*INPUT DATA*:
+---+

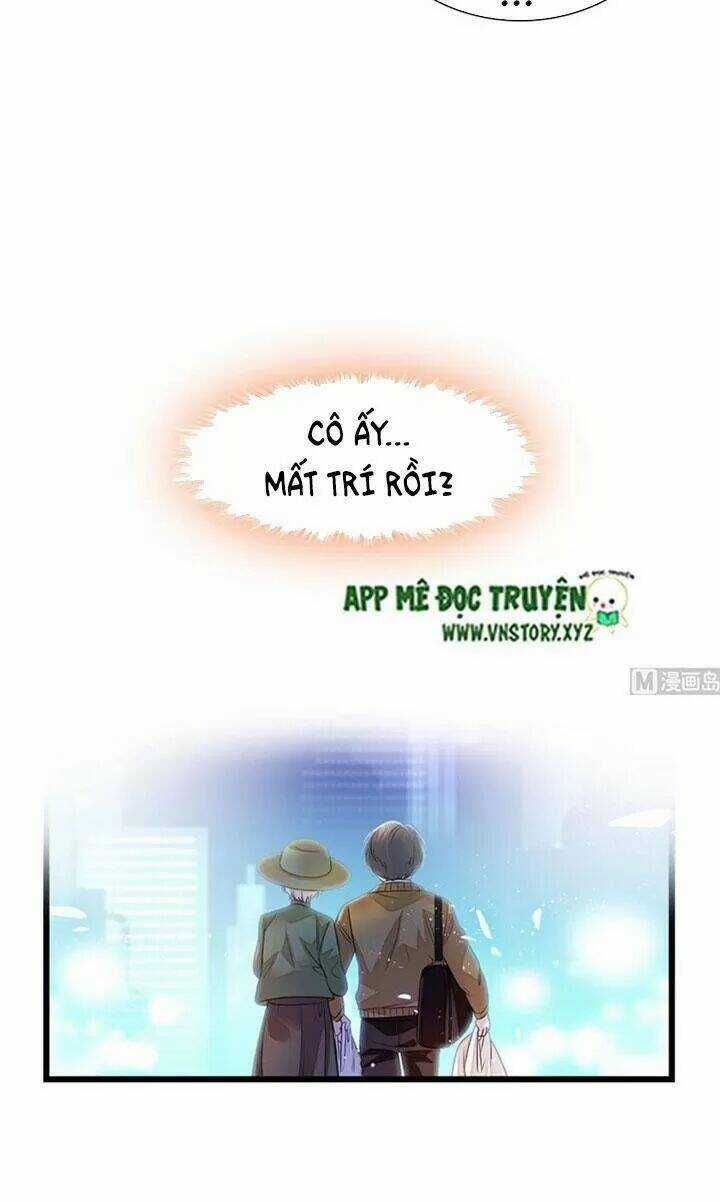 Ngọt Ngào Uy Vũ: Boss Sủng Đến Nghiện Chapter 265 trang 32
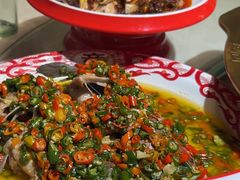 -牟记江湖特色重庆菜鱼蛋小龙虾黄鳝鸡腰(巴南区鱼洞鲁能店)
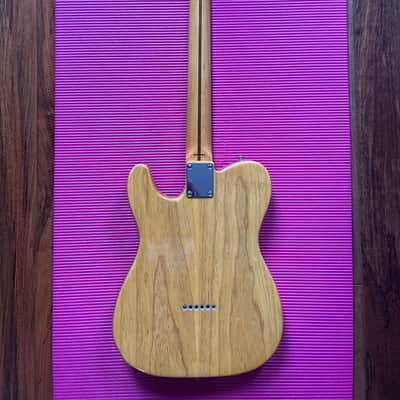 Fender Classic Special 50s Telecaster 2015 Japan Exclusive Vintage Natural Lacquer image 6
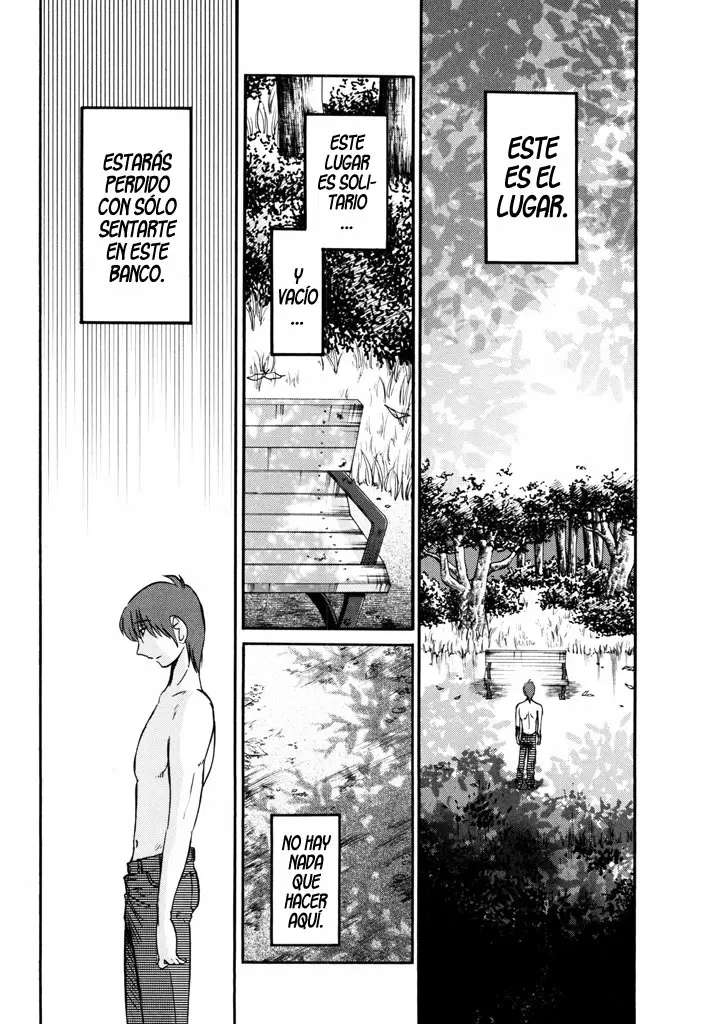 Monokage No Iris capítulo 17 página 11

+---+

*WORK TASK*: Could you reproduce all of the material exactly? Keep the pictures out of it.

*TASK SOLUTION*:
 Ngọt Ngào Uy Vũ: Boss Sủng Đến Nghiện Chapter 265 trang 32
 -牟记江湖特色重庆菜鱼蛋小龙虾黄鳝鸡腰(巴南区鱼洞鲁能店)
 Fender Classic Special 50s Telecaster 2015 Japan Exclusive Vintage Natural Lacquer image 6
 Monokage No Iris capítulo 17 página 11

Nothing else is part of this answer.